• [Task to carry out]
Only the stretch below from the line holding "2330 S Airport" through the line holding "Inspiration for a" should be restated, word for word and with both ends included; pictures stay out.

• [Dataset]
┏━━

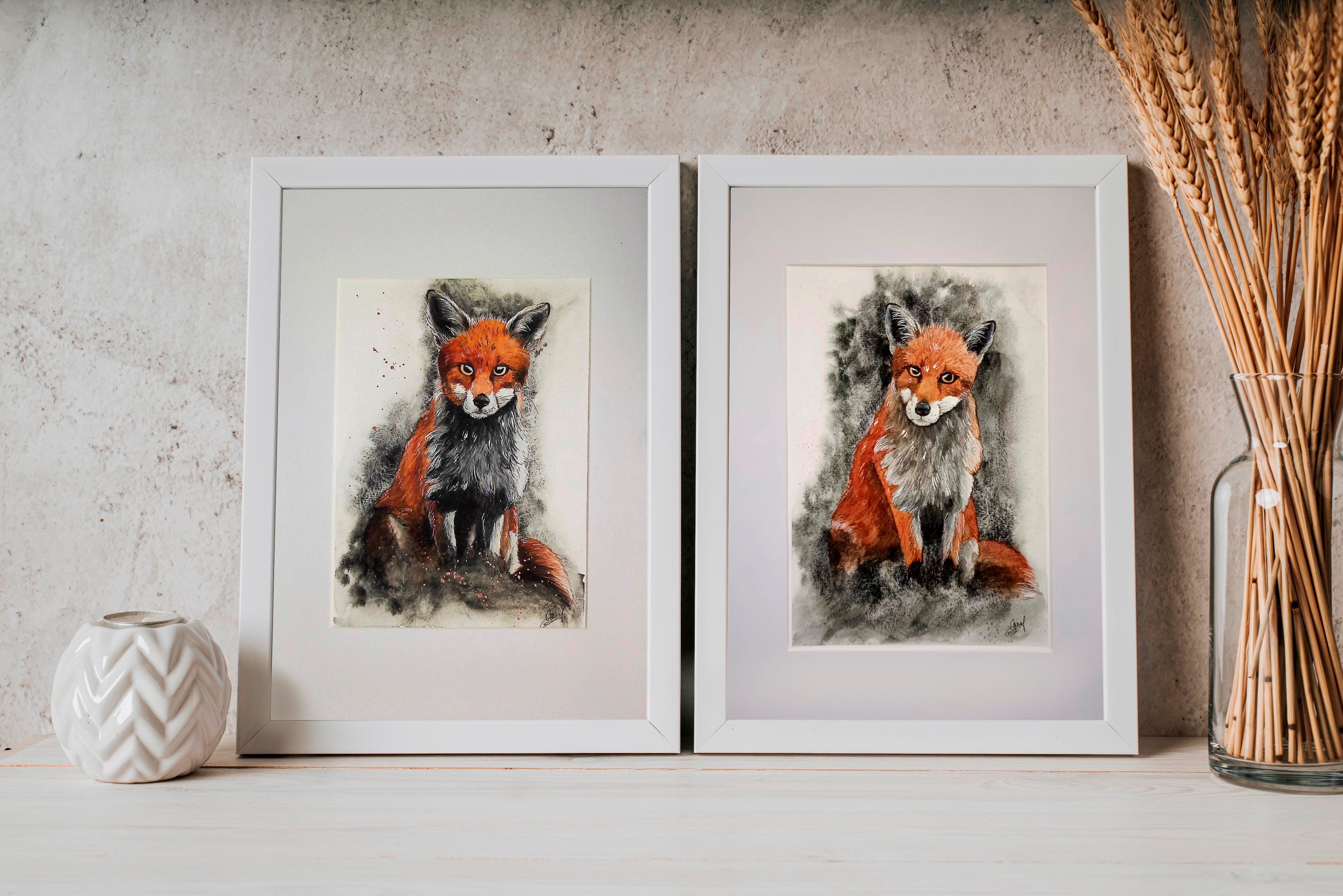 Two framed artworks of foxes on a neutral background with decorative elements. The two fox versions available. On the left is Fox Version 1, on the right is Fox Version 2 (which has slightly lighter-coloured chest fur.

┗━━
┏━━

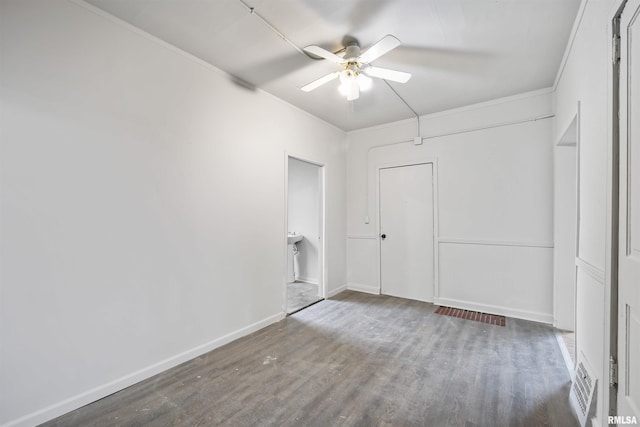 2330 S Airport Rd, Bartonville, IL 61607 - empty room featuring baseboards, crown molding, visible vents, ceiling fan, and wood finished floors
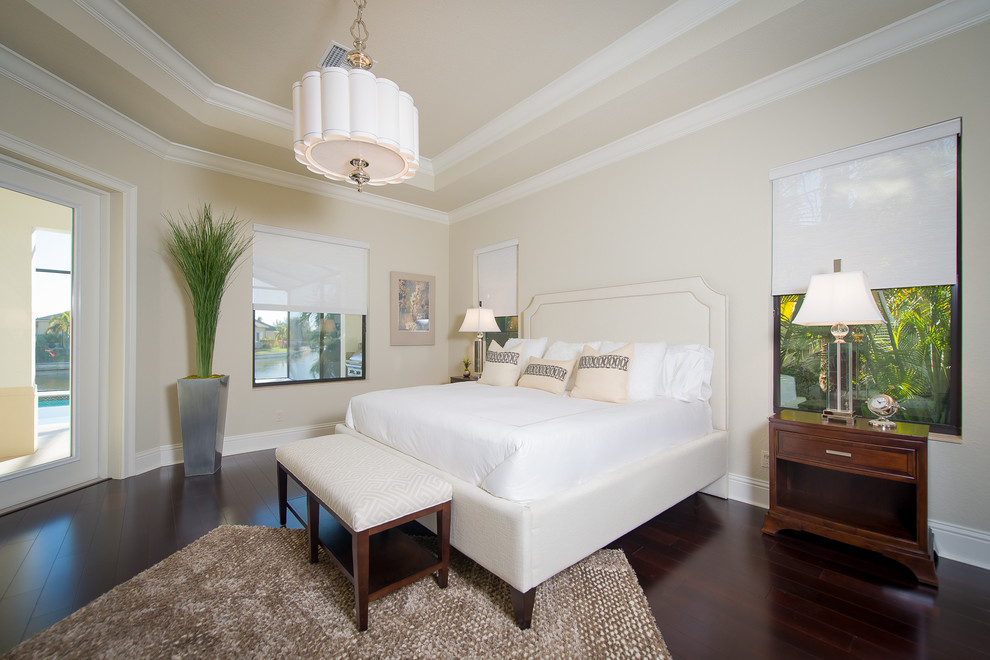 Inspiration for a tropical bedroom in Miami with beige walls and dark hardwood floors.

┗━━

• [Finished task]
 2330 S Airport Rd, Bartonville, IL 61607 - empty room featuring baseboards, crown molding, visible vents, ceiling fan, and wood finished floors
 Inspiration for a tropical bedroom in Miami with beige walls and dark hardwood floors.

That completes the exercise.